Coda File System

Re: CODA Scalability

From: Nick Andrew <lists_at_nick-andrew.net>
Date: Thu, 22 Aug 2002 01:33:09 +1000
G'day,

On Wed, Aug 21, 2002 at 10:17:09AM +0200, Ivan Popov wrote:
> > I am in the process of setting up a _home_ fileserver with twin 80-gig
> > disks (RAID-1 mirrored) and am looking for a distributed filesystem
>
> It should be doable, depending on how big your files are - i.e. it is the
> ===> number of files <===
> being the limitation, not the total size of the files.

At present I have about 150,000 files consuming about 40 gigs. The
average file size will probably increase over time.

> The 4%-estimation is based on "typical" file size distribution that can
> vary a lot.

Are you working on some number of bytes in the RVM per file?

One thing which Coda's documentation does not explain clearly is
its relationship to the underlying filesystem. There's a note in
the docs which says "do not fsck this filesystem" but it doesn't
explain why.

As I was trying to figure it out, I considered some diverse possibilities,
like (a) Coda (server) implements its own filesystem structure (allocation
algorithms, etc) completely replacing any other filesystem, to (b) Coda
creates huge files within the underlying filesystem, one per volume, and
stores all managed files within each, to (c) Coda stores one managed
file per physical file in the underlying filesystem. Each of those
rationales had some problem:

(a) ... it would just destroy the previous filesystem, so there's no
need to actually _have_ a filesystem on the managed area.

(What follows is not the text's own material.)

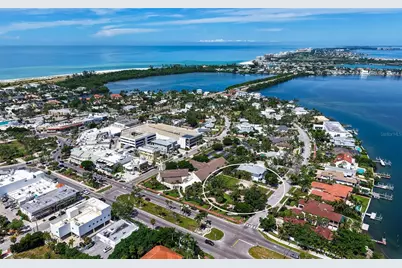 25 N Washington Drive, Sarasota, FL 34236 - Photo 1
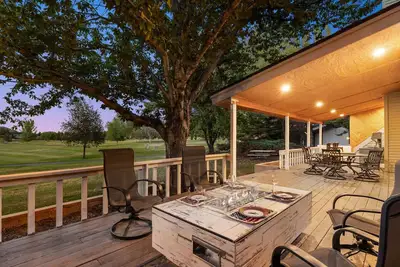 Image de Luxury 4br With Golf Course Views at Country Club w/ Hot Tub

Plus I feel
uncomfortable about the idea of Coda managing disk allocation policies
(as filesystems do), because it's a black art; I'd rather see a
distribution system which layered on top of a non-distributed
filesystem for recoverability/speed/flexibility.

(b) ... it can be efficient so long as the files are fairly large, but
each file might be limited to 2 gig. This rationale fails to explain
why an fsck is bad though.

(c) ... would be a disaster for performance (I recall somewhere in
the documentation it said that Coda did not create directories). The
size of the directories (remember I'm looking at 150k files) would
kill the system, I'd have to use reiserfs as a base. Surely the Coda
developers did not do this. Plus it doesn't explain the fsck issue.

Finally I arrived at rationale (d) which I hope you'll confirm ...
the Coda kernel module interacts with the underlying filesystem
at the inode level, not the file level, so it creates inodes in
the underlying filesystem which are not linked into any directory.
Thus, the underlying filesystem is used, but the filesystem cannot
be checked else fsck will find many thousands of unlinked files and
attempt to link them all into lost+found.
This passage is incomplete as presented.